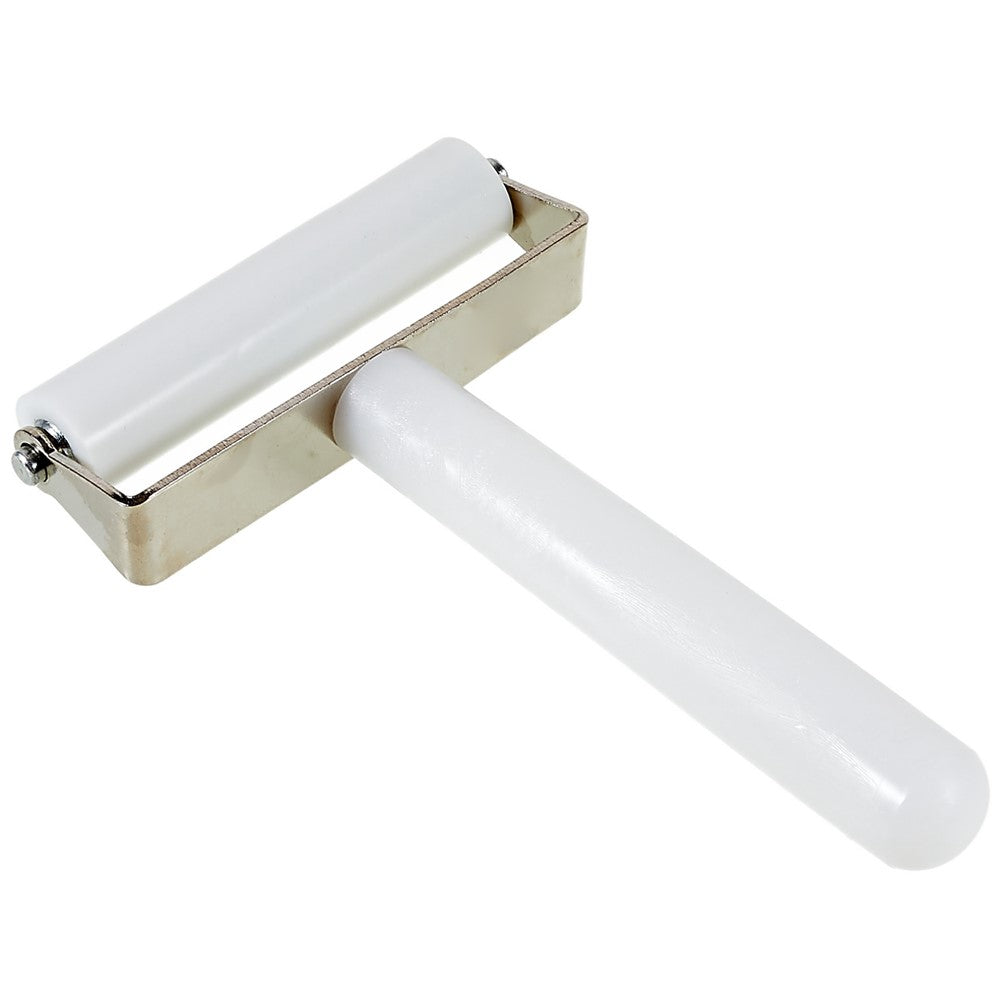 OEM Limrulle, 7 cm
━━━━━━━━━━━━━━━━━━━━
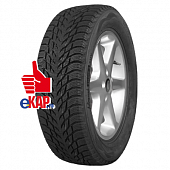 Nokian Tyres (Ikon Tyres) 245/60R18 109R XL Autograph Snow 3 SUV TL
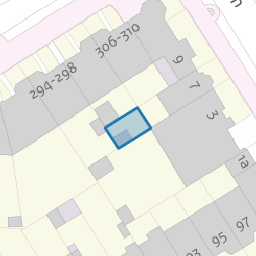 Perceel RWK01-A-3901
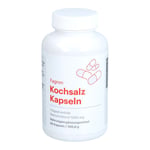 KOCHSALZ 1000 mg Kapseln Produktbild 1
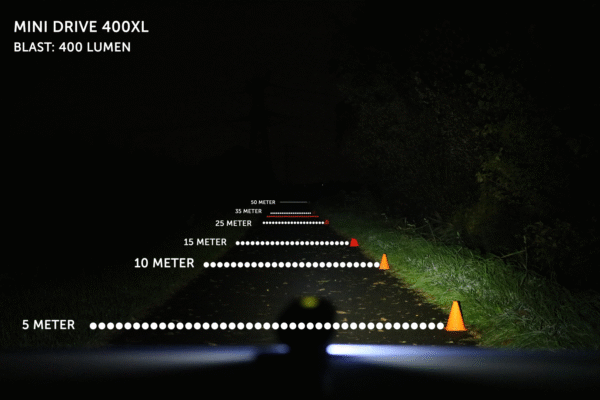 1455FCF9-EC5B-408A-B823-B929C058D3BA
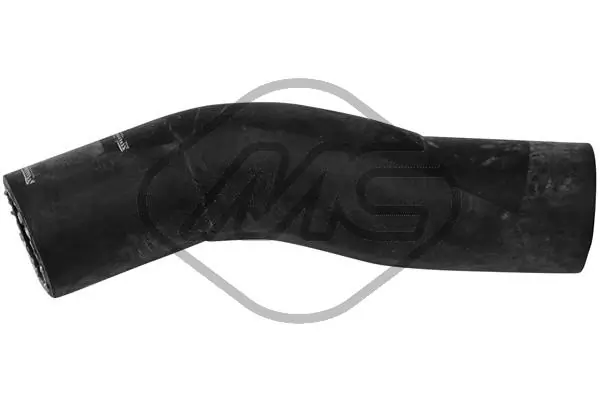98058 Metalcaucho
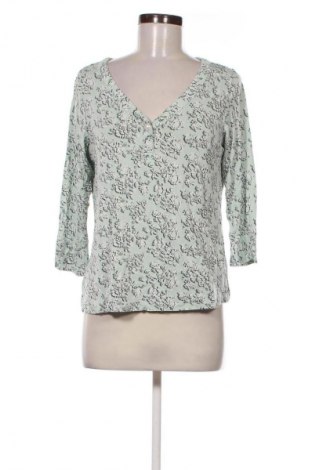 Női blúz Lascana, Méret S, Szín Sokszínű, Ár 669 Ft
━━━━━━━━━━━━━━━━━━━━
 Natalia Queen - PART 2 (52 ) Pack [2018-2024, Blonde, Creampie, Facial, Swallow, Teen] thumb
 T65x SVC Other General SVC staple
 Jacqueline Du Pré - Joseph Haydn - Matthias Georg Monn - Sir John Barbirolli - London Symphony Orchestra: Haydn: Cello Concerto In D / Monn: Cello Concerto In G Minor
━━━━━━━━━━━━━━━━━━━━
◆ What you should do: In the listing above, find the line containing "1455FCF9-EC5B-408A-B823-B929C058D3BA" and the line containing "Női blúz Lascana, Méret", then return both of them and every line between, exactly, without pictures.

◆ Worked solution:
 1455FCF9-EC5B-408A-B823-B929C058D3BA
98058 Metalcaucho
 Női blúz Lascana, Méret S, Szín Sokszínű, Ár 669 Ft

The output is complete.